Write out exactly, please, every line from the beginning of the entries to the line holding "SiL Manufactory_5 The", and no pictures.

*** DATA SUPPLIED

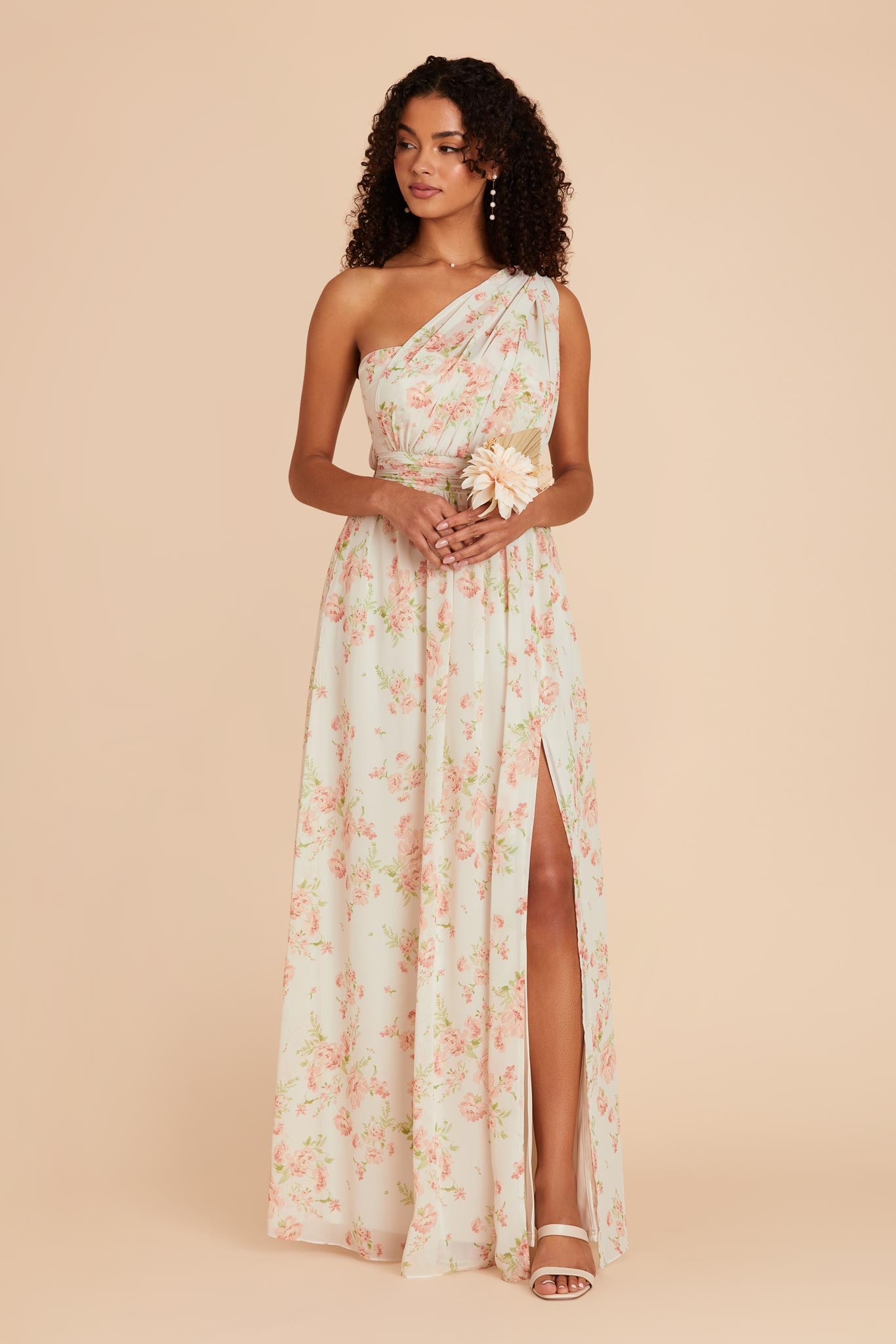 Convertible Bridesmaid Dress with Slit - Whimsical Blooms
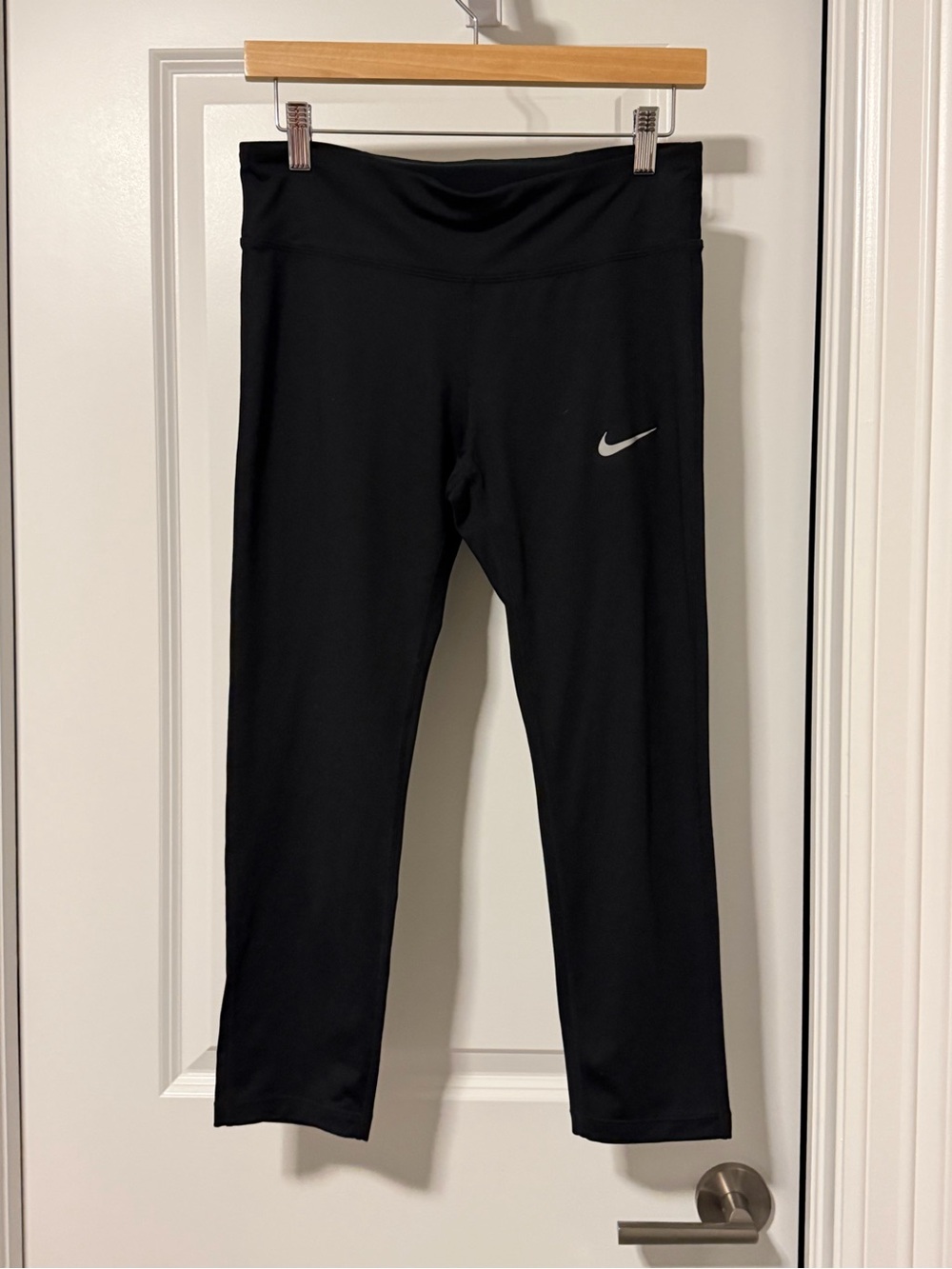 Nike Black Performance Dry Fit Leggings with Silver Swoosh
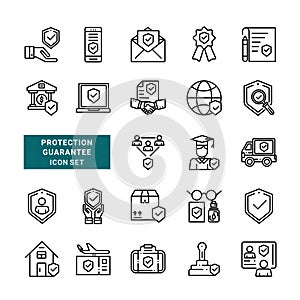 Protection guarantee icon set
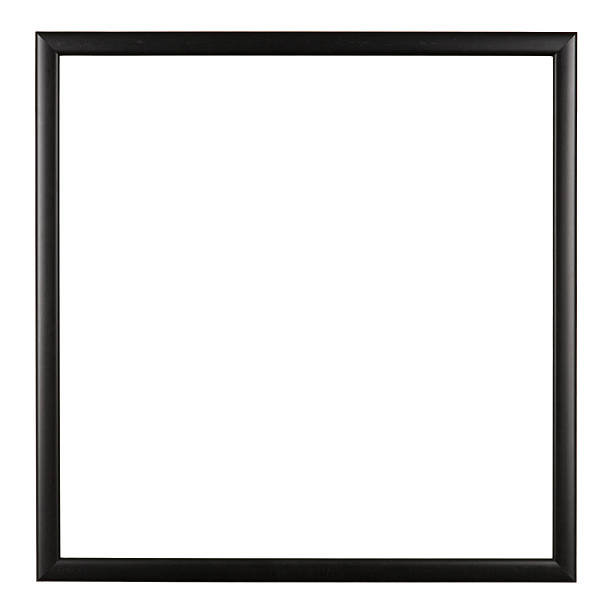 Picture frame isolated on white Empty picture frame, square, simple black moulding square composition photos stock pictures, royalty-free photos & images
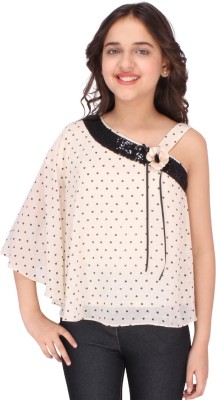 Cutecumber Girls Casual Georgette Top(Beige, Pack of 1)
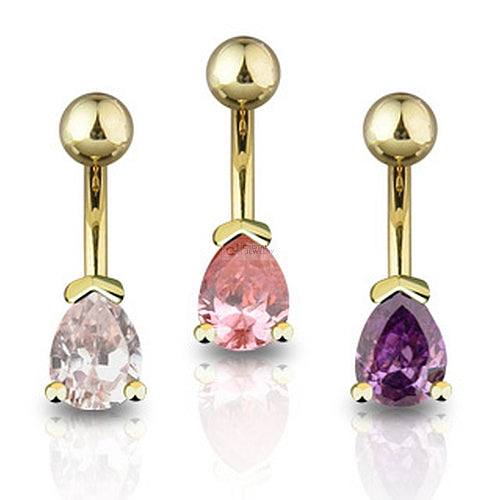 Bauchnabelpiercing Gold Style mit Zirkonia Tropfen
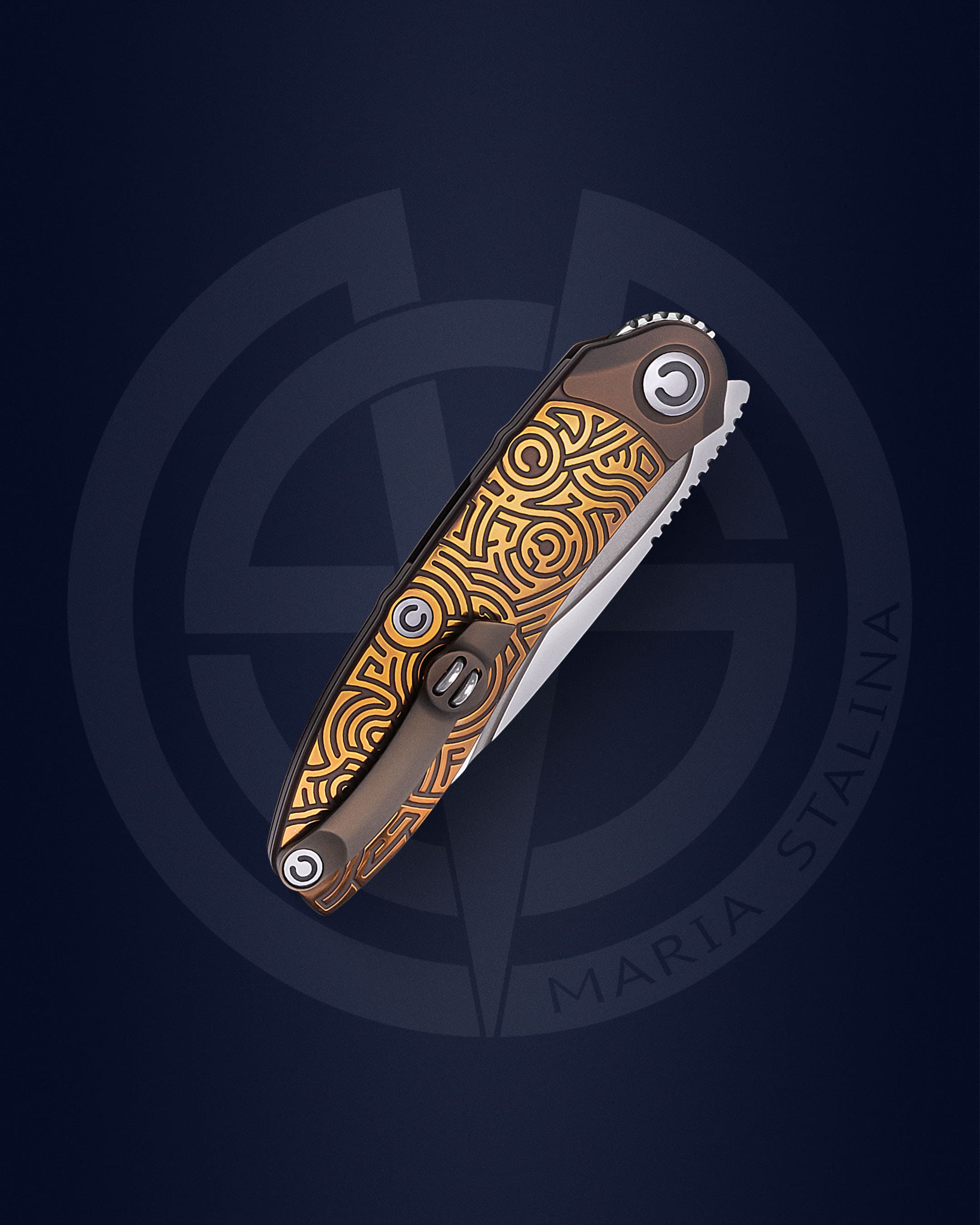 The knife Technoshaman 2.0. Slim (Gold) 7/10 SiL Manufactory_5 The knife Technoshaman 2.0. Slim (Gold) 7/10 SiL Manufactory_5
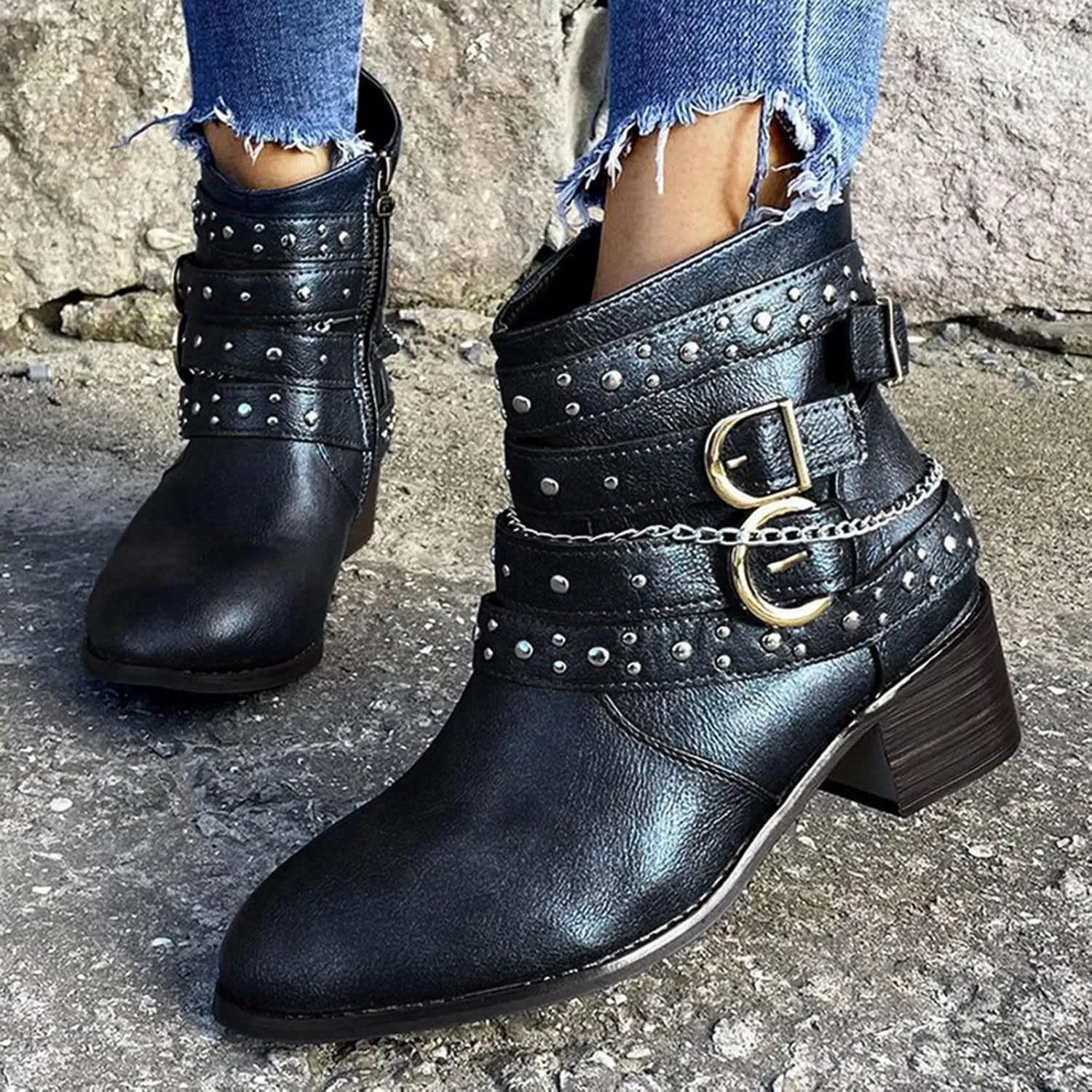 Womens Boots Ankle Womens Fall Booties Women Cowboy Boots Wedge Bootie for Women Comfortable Solid Color Comfy Casual Side Zipper Pointd Toe Suede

******

ANSWER SPACE
 Convertible Bridesmaid Dress with Slit - Whimsical Blooms
 Nike Black Performance Dry Fit Leggings with Silver Swoosh
 Protection guarantee icon set
 Picture frame isolated on white Empty picture frame, square, simple black moulding square composition photos stock pictures, royalty-free photos & images
 Cutecumber Girls Casual Georgette Top(Beige, Pack of 1)
 Bauchnabelpiercing Gold Style mit Zirkonia Tropfen
 The knife Technoshaman 2.0. Slim (Gold) 7/10 SiL Manufactory_5 The knife Technoshaman 2.0. Slim (Gold) 7/10 SiL Manufactory_5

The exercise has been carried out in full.